De esperança, essa “paciência inquieta” como a define Bloch, mas também de saudade, fatalismo, desolação, ocultas figuras, opressores e oprimidos, estirpes e linhagens, premonições, malvadez, abandono e sangachos de atum, nos fala “O Acontecimento”, livro de Afonso Valente Batista surgido em finais de 2014 e que venho de visitar. Nele reencontro essa escrita viva que tanto apreciei no seu predecessor “O Muro” e, mais recentemente, em “Rebelião”, uma escrita de combate, frontal, que não se fica pela metade, antes gosta de “tratar os bois pelos nomes” e dizer as verdades tal como devem ser ditas.

Escrito no auge do magistério passista, o jugo da “troika” bem ferrado no cachaço das gentes, “O Acontecimento” é um olhar lúcido e desencantado sobre o Portugal que fomos e que somos, recuperando, com humor e uma profunda ironia, uma significativa parte da nossa História recente. Generais sem medo, jornadas de África, quedas de cadeira, claras madrugadas ou “primaveras” que são invernos, surgem ante o nosso olhar como inevitáveis acidentes de percurso, que só por momentos agitam as águas. Pelo meio, esse convívio com um quotidiano feito de banalidades, elevadas, por obra e graça de interesses obscuros, inscritos a letra miúda em torpes agendas políticas, ao patamar de “acontecimentos” que arrastam multidões e onde a populaça, cantando e rindo, lá segue embarcada.
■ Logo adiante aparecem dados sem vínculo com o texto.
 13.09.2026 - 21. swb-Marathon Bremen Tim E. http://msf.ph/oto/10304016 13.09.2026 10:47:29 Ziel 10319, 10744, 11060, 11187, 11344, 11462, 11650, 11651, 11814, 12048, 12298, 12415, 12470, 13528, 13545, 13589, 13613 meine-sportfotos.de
“É preciso que algo mude para que as coisas fiquem na mesma”. Neste seu afã de recuperar memórias, é disto que “O Acontecimento” nos fala, lembrando-nos que, hoje como há cem anos, guardamos ciosamente os estigmas do provincianismo, do servilismo e da cobardia. Hoje, como há cem anos, de um lado temos políticos “ocos, vazios, pesporrentes” e, do outro, o Zé Povinho, esse saloio patético que se desdobra em manguitos nas costas do patrão, porque, à sua frente, se mostra incapaz de dizer o que pensa. Hoje, como há cem anos, assistimos aos mesmos arremedos de conveniências, controladas tolerâncias, desprezos encapotados, pequenas vinganças e ódios mesquinhos. E hoje, como há cem anos, continuamos à espera!


[Uma breve chamada de atenção para as páginas 181-182 e para esse pedacinho precioso de prosa que narra a história de Ana Sofia, “bonita, com asas de borboleta que lhe diziam que alcançaria o lado bom da vida”. Um grande momento de literatura.]